Member of the People's Assembly
- Incumbent
- Assumed office 1 July 2026
- Appointed by: Ahmed al-Sharaa

Member of the Higher Committee for People’s Assembly Elections
- In office 13 June 2025 – 12 July 2026
- President: Ahmed al-Sharaa
- Preceded by: Body established
- Succeeded by: Body abolished

Minister of Education of the Syrian Interim Government
- In office 17 May 2016 – 10 March 2019
- Prime Minister: Jawad Abu Hatab
- Preceded by: Muhyiddin Bananeh
- Succeeded by: Huda al-Absi

Personal details
- Born: 1970 (age 55–56) Homs, Syria
- Party: Syrian Turkmen Assembly
- Education: Damascus University (PhD)

= Imad Barq =

Syrian academic and politician (born 1970)

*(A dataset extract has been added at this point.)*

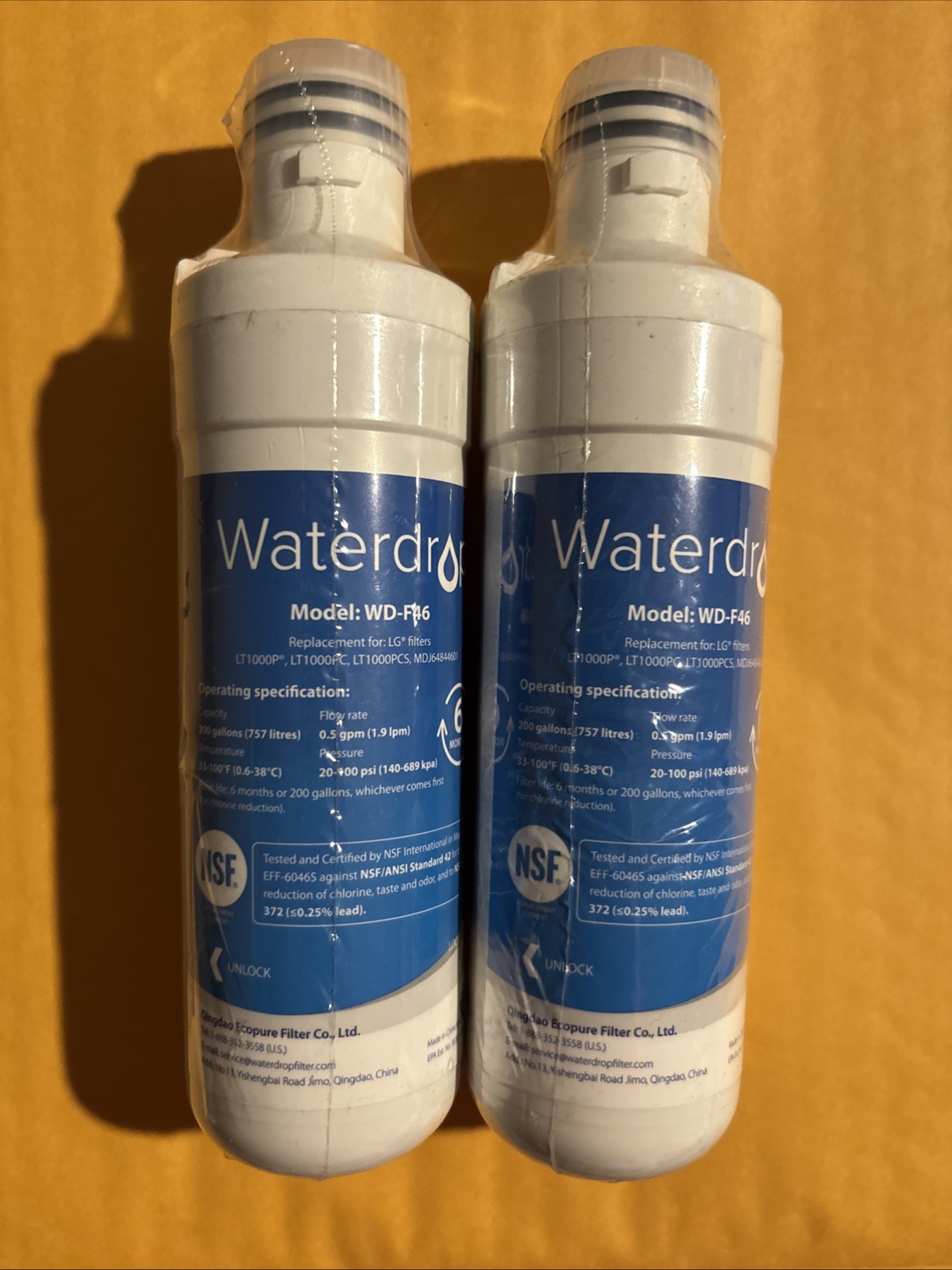 Quantity of 2: Waterdrop WD-F46 (Replacement for LT1000P) SEALED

Imad Barq (عماد برق; born 1970) is a Syrian sociologist, academic and politician who has served as a member of the People's Assembly since July 2026. He was a member of the Higher Committee for People's Assembly Elections from 2025 to 2026, and previously served as Minister of Education in the Syrian Interim Government from 2016 to 2019.

==Career==

Imad Barq was Born in Homs Governorate in 1970.

He received a bachelor’s degree in sociology from Damascus University in 1992, a postgraduate diploma in sociology from Damascus University in 1993, and a master’s degree in sociology (care and rehabilitation of people with disabilities) in 1997, and a Ph.D. in Sociology with a specialization in Social Work in 2001.

Before the Syrian revolution, he was a faculty member at the University of Latakia—Faculty of Arts—Department of Sociology, and a faculty member at the Faculty of Education in Homs.

After the Syrian revolution, he was a member of the Free National Coalition of Dissident Syrian Civil Servants and a member of the Council of Free Syrian Academics. On May 17, 2016, the National Coalition for Syrian Revolutionary and Opposition Forces announced that Jawad Abu Hatab had been elected president of the Syrian Interim Government, and Barq was elected Minister of Education, a position he held until July 30, 2019. He established his ministry’s headquarters in the town of Darat Izza in the western Aleppo countryside.

On December 20, 2020, Abdul Rahman Mustafa, Prime Minister of the Syrian Interim Government (the fifth government), issued a decree establishing the Council of Higher Education, chaired by Barq.

After the fall of the Assad regime, he was appointed, Presidential Decree No. 66 of 2025 dated June 2, 2025, as a member of the Higher Committee for People’s Assembly Elections and then among the 70 nominated by president for the People's Assembly.